So I'm relearning what giftedness feels like, since the psych drugs basically eradicated it during the last four years. It feels like, it's really nice actually. I like being able to toy with concepts again, especially several at once. I like being moved to tears by film, music, and art again. I like seeing the big picture. I like the thoughts which psychiatrists considered grandiose but which are just reasonable thoughts and goals for me. I like that I have finally figured out my own psychological condition apart from a judged pathology label given by people who didn't bother to ask me anything about myself and who thought maybe my filmmaking was a delusion. I'm not so used to the fact that I don't need as much sleep again. I've often been a sleepy person, but I can function on an average of six hours of sleep. More is nice at times though, and sometimes less is necessary when I'm really working hard on something.

I'm trying to be careful around other people, because I know that few people around me understand what is normal for me. I guess you could say I was one of those gifted people that went underground after facing constant social rejection, but now I'm at a level of maturity where I don't really care about fitting in anymore. I know I won't. That's okay. I just hope that people don't think they can improve my life by MAKING me fit in, because that means making me dumb and I dislike the experience.

So I am trying to honour the fact that I have overexcitabilities, which are very different from manic depression but often mistakenly assumed to be manic depression. There is nothing wrong with crying because of something on the news, or being terribly excited about a new concept, or making a mess and not caring that it's there. I'm trying to re-educate my mom on the experience of gifted people and the propensity of society to pathologize our differences in an attempt to help us conform, when we are not meant to conform. I'm not sure if she appreciates being constantly given information on gifted characteristics, but I'm hoping I can educate her enough that she won't start telling me I'm doing something "bipolar" when I'm actually doing something gifted. Especially since I'm getting off the intellectually damaging drugs.

And I have done a lot better since getting off, I don't have shakes and tremors, I haven't had a seizure in a long time, I haven't cared so much about smoking pot, I don't hear things anymore, I sleep better in that I'm not super sleepy, my short and long term memory has improved, I can come up with creative ideas at a much more rapid pace, and I can assimilate new information with greater ease.
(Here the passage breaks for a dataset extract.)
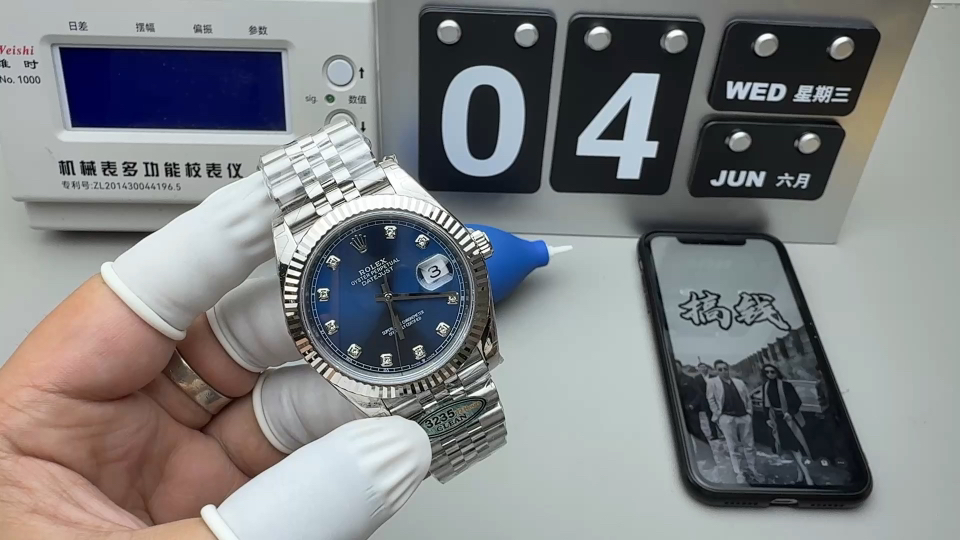 Rolex 最强分c蓝日志 升级72小时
I'm also not depressed anymore, which is a side effect of the drugs they gave me to cure mania, which was caused by antidepressants mostly and not spontaneously from me, and the antidepressants were originally used for existential depression. So I got misdiagnosed and treated for the wrong thing, most of my treatment in the last four years was to eliminate mania and hypomania, which are actually overexcitabilities which gifted people tend to have and which serve a purpose.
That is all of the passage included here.